Ranavalona I | |
---|---|
Ratu Madagaskar | |
Berkuasa | 11 Agustus 1828 – 16 Agustus 1861 |
Penobatan | 12 Agustus 1829 |
Pendahulu | Radama I |
Penerus | Radama II |
Kelahiran | 1778 Ambatomanoina |
Kematian | 16 Agustus 1861 (usia 82/83) Manjakamiadana, Rova Antananarivo |
Pemakaman | 1861/1893 (dimakamkan kembali) Ambohimanga/Makam Para Ratu, Rova Antananarivo (dimakamkan kembali) |
Pasangan | |
Keturunan | Radama II |
Ayah | Andriantsalamanjaka (Andrianavalontsalama) |
Ibu | Rabodonandriantompo |
Ranavalona I (lahir dengan nama Rabodoandrianampoinimerina (Ramavo) sekitar tahun 1778 – meninggal 16 Agustus 1861), juga dikenal dengan nama Ranavalo-Manjaka I, adalah penguasa Kerajaan Madagaskar dari tahun 1828 hingga 1861. Ia menjadi ratu setelah kematian suami mudanya, Radama I. Ranavalona menerapkan kebijakan isolasionisme dan swasembada, mengurangi hubungan ekonomi dan politik dengan negara-negara Eropa, memukul mundur serangan Prancis di kota pesisir Foulpointe, dan mengambil langkah-langkah keras untuk membasmi pergerakan Kristen di Madagaskar yang sebelumnya diprakarsai oleh anggota London Missionary Society pada masa pemerintahan Radama I. Ia sangat sering memanfaatkan praktik tradisional fanompoana (kerja paksa sebagai pembayaran pajak) untuk menyelesaikan proyek-proyek pekerjaan umum dan mewamilkan pasukan hingga jumlahnya mencapai 20.000 hingga 30.000 orang. Pasukan ini lalu ia kerahkan untuk menundukkan wilayah-wilayah terpencil di Madagaskar dan memperluas kerajaan. Akibat peperangan, wabah penyakit, kerja paksa dengan kondisi yang buruk, dan sistem peradilan yang kejam, tingkat kematian di kalangan prajurit dan rakyat jelata pada masa kekuasaannya selama 33 tahun sangatlah tinggi.

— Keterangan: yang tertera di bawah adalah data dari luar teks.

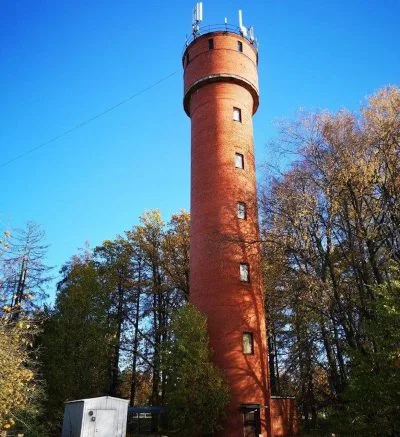 Продажа инвестиционного объекта, Izmēģinātāju улица 16, Priekuļu novads / 82500 € 1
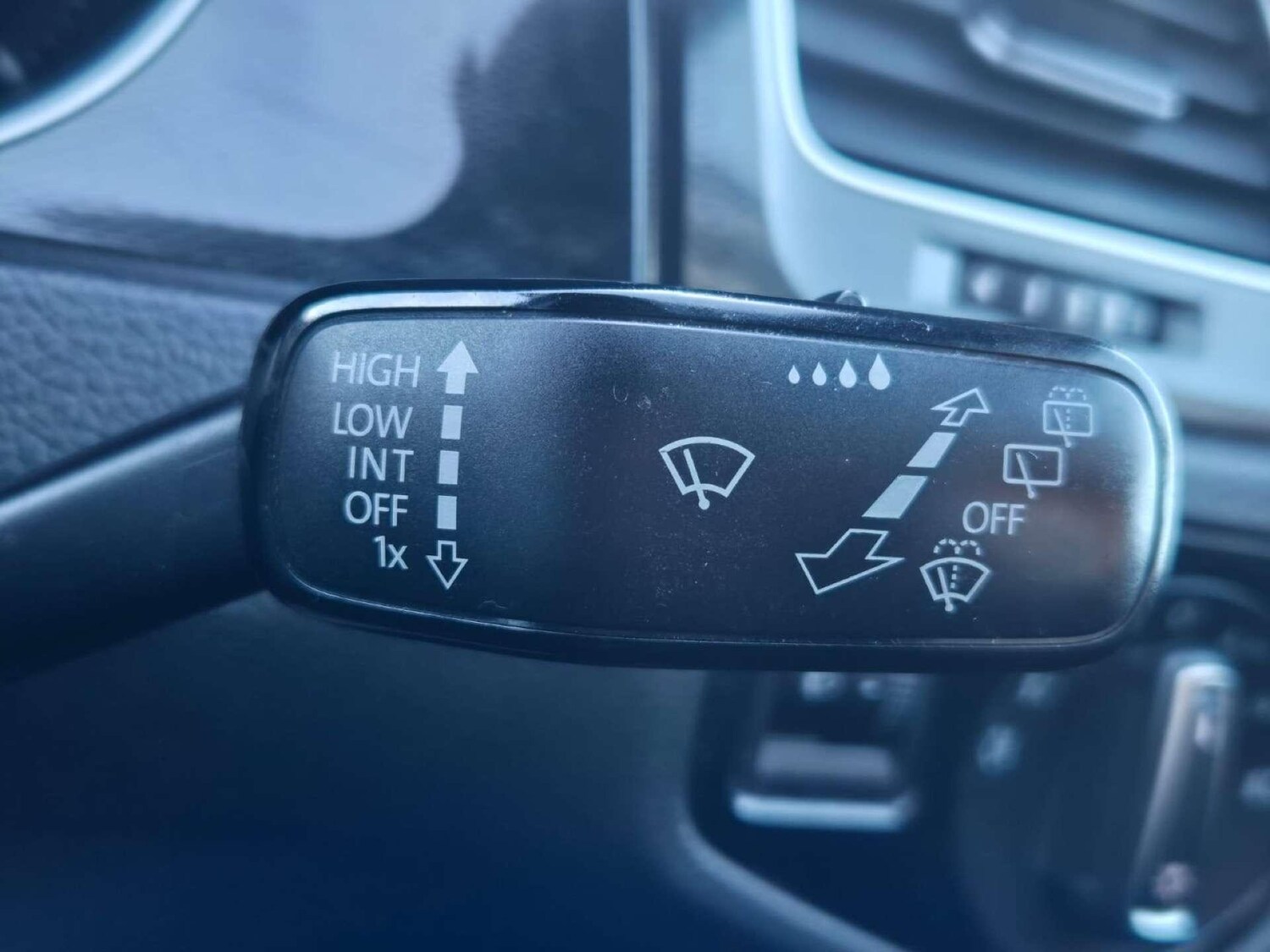 Used Volkswagen Golf 2015 for sale - 76781464: Photo 37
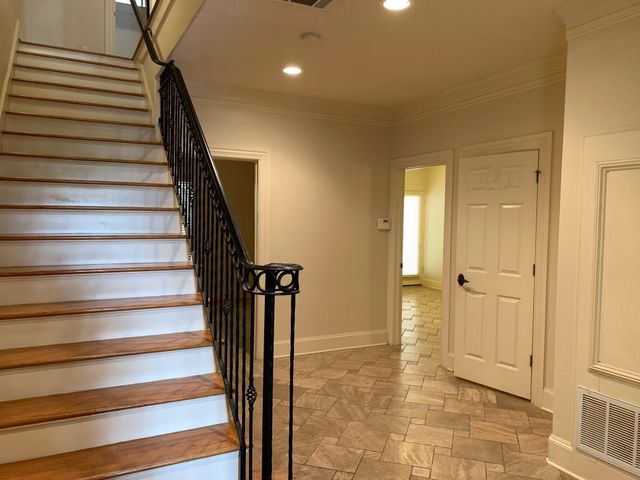 2210 Bellefontaine Street C, Houston, TX 77030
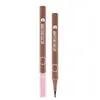SEPHORA COLLECTION LIP TINT FELT LINER - Encre à lèvres feutre sans tr...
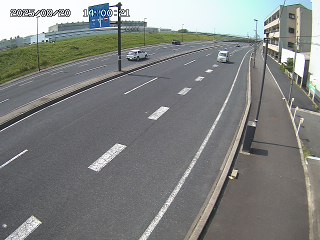 鳥取市幸町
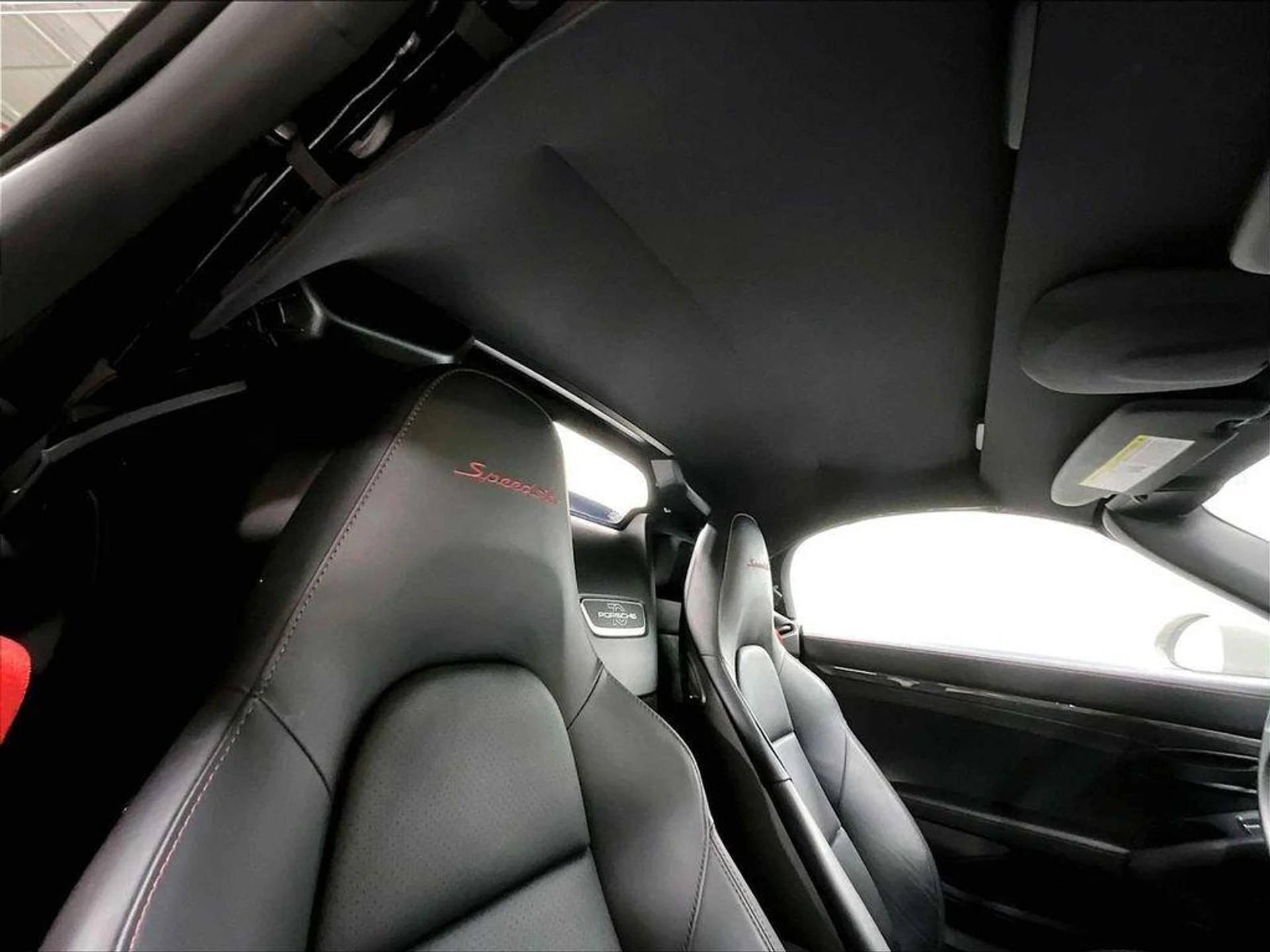 mph021_732299799_oeh_G1fu_Q_Sw9x_BY_Hb6_Znn1_Br_SIT_4_6d15407fe3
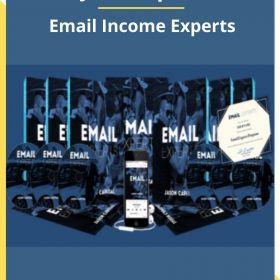 Jason Capital – Email Income Experts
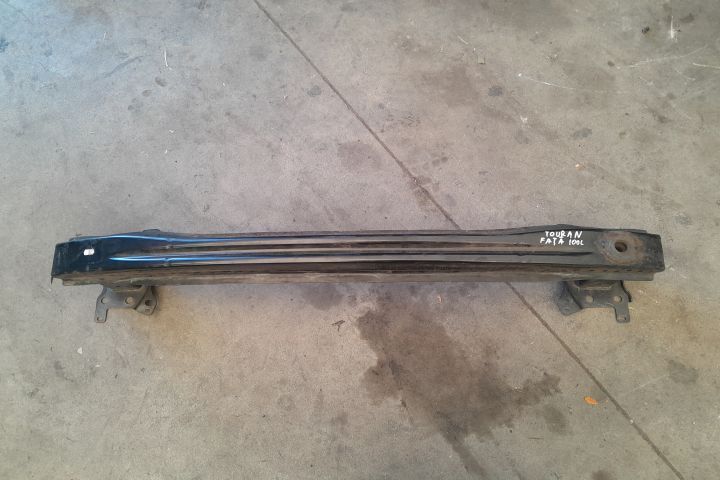 Armatura / Intaritura bara fata Volkswagen VW Touran 1 [2003 - 2006]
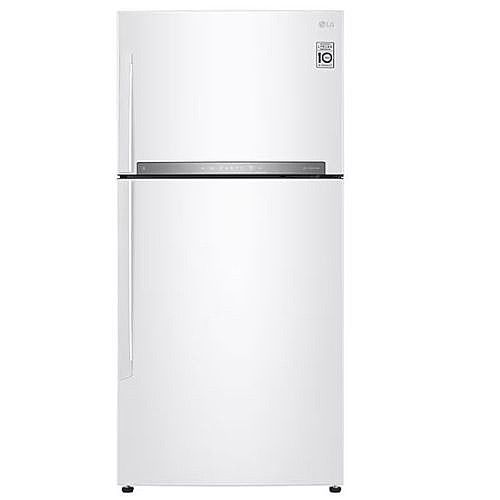 ���� ����� ����� LG �� �� GRM6981WE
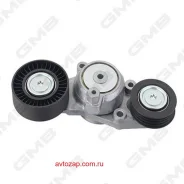 ���������� ����� GMB GAT31800 GAT31800 ����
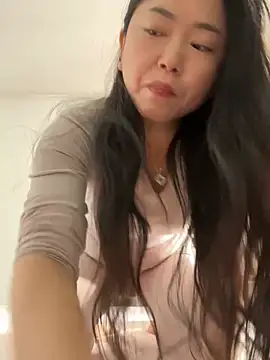 Snapshot of DHJM168 chatting on 14, 1, 2026 DHJM168 online show from 14, 1, 2026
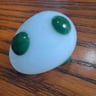 Small image 1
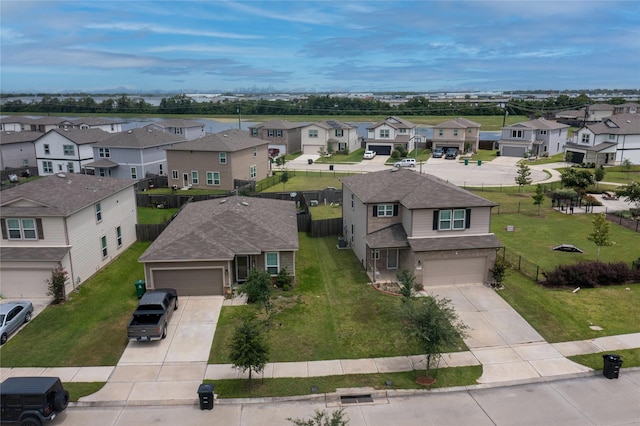 7047 Hobby Wind Ridge Dr, Houston, TX 77075 - photo 46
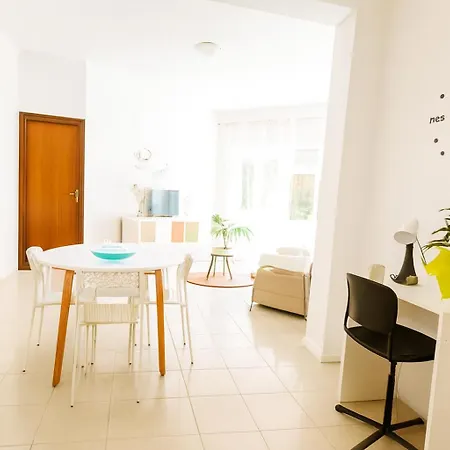 Perla Speciale Vacanze 2026, Casa Perfetta Per Gruppi Coppie E Famiglie Vivi La Sicilia A Modo Tuo Apartament *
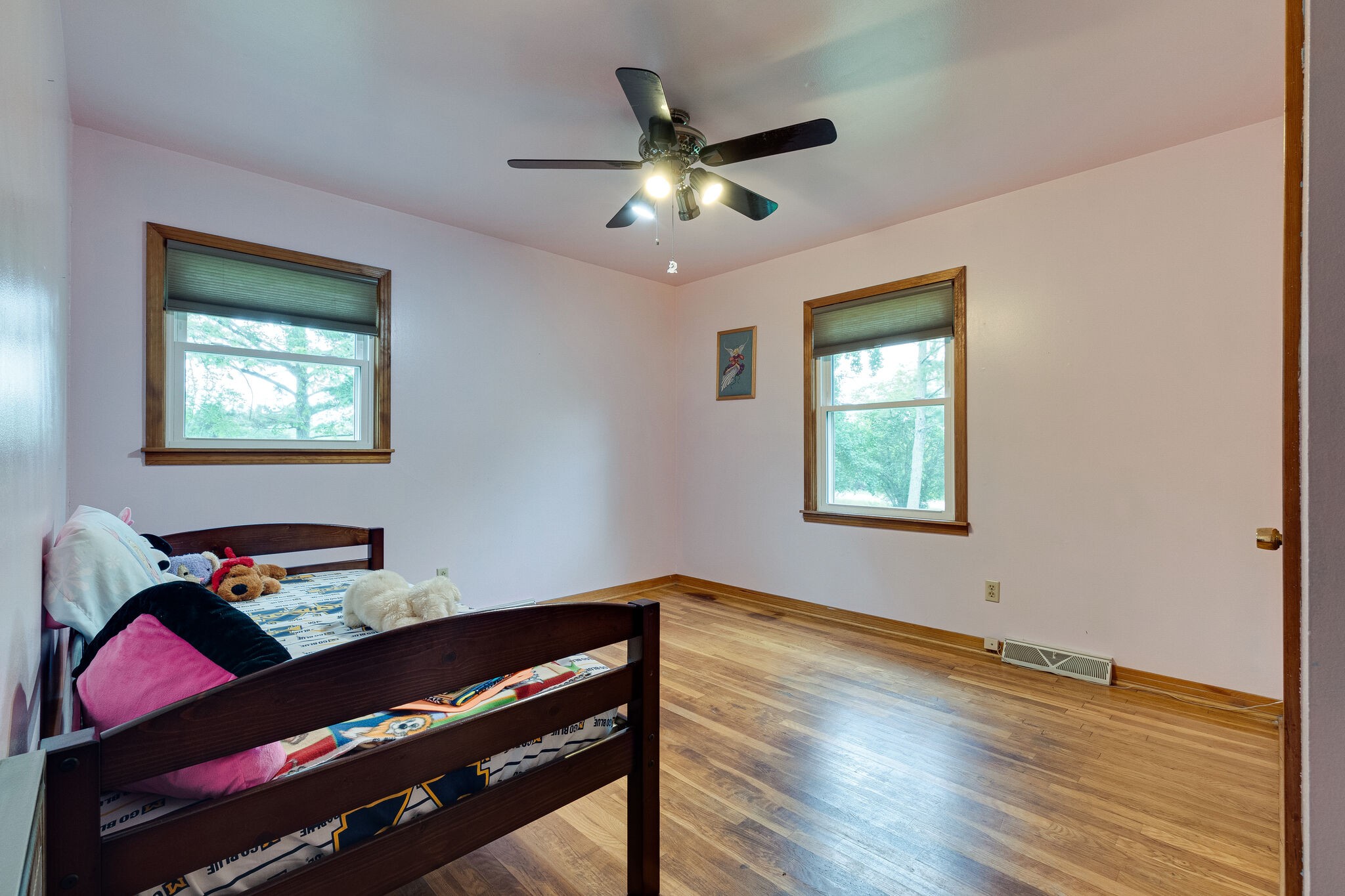 2366 Scribners Mill Road Culleoka, TN 38451 - Photo 19 of 21 Gallery Image 19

Meskipun sangat terhalang oleh kebijakan-kebijakan Ranavalona, kepentingan politik Britania dan Prancis di Madagaskar tetap tidak sirna. Perpecahan antara kelompok tradisionalis dengan kelompok pro-Eropa di istana ratu menjadi kesempatan yang dimanfaatkan oleh orang-orang Eropa agar anaknya, Rakoto, bisa segera naik takhta. Sang pangeran muda tidak setuju dengan berbagai kebijakan ibunya, dan ia menerima usulan Prancis untuk memanfaatkan sumber daya alam di pulau Madagaskar, sebagaimana dinyatakan dalam Piagam Lambert yang ia susun bersama dengan perwakilan Prancis pada tahun 1855. Namun, rencana ini tidak pernah terwujud, dan Rakoto baru dapat naik takhta dengan nama "Radama II" setelah kematian Ranavalona pada tahun 1861.
Akibat kebijakan-kebijakannya, Ranavalona menuai kecaman dari orang-orang Eropa yang sezaman dengannya, dan ia digambarkan sebagai seorang tiran atau bahkan sebagai orang gila. Citra negatif ini masih terus berlanjut di dalam literatur-literatur sejarah Barat hingga pertengahan dasawarsa 1970-an. Hasil kajian akademik baru-baru ini telah menelurkan pandangan bahwa Ranavalona mencoba memperluas wilayah kerajaannya sembari mempertahankan kedaulatannya dari rongrongan bangsa Eropa.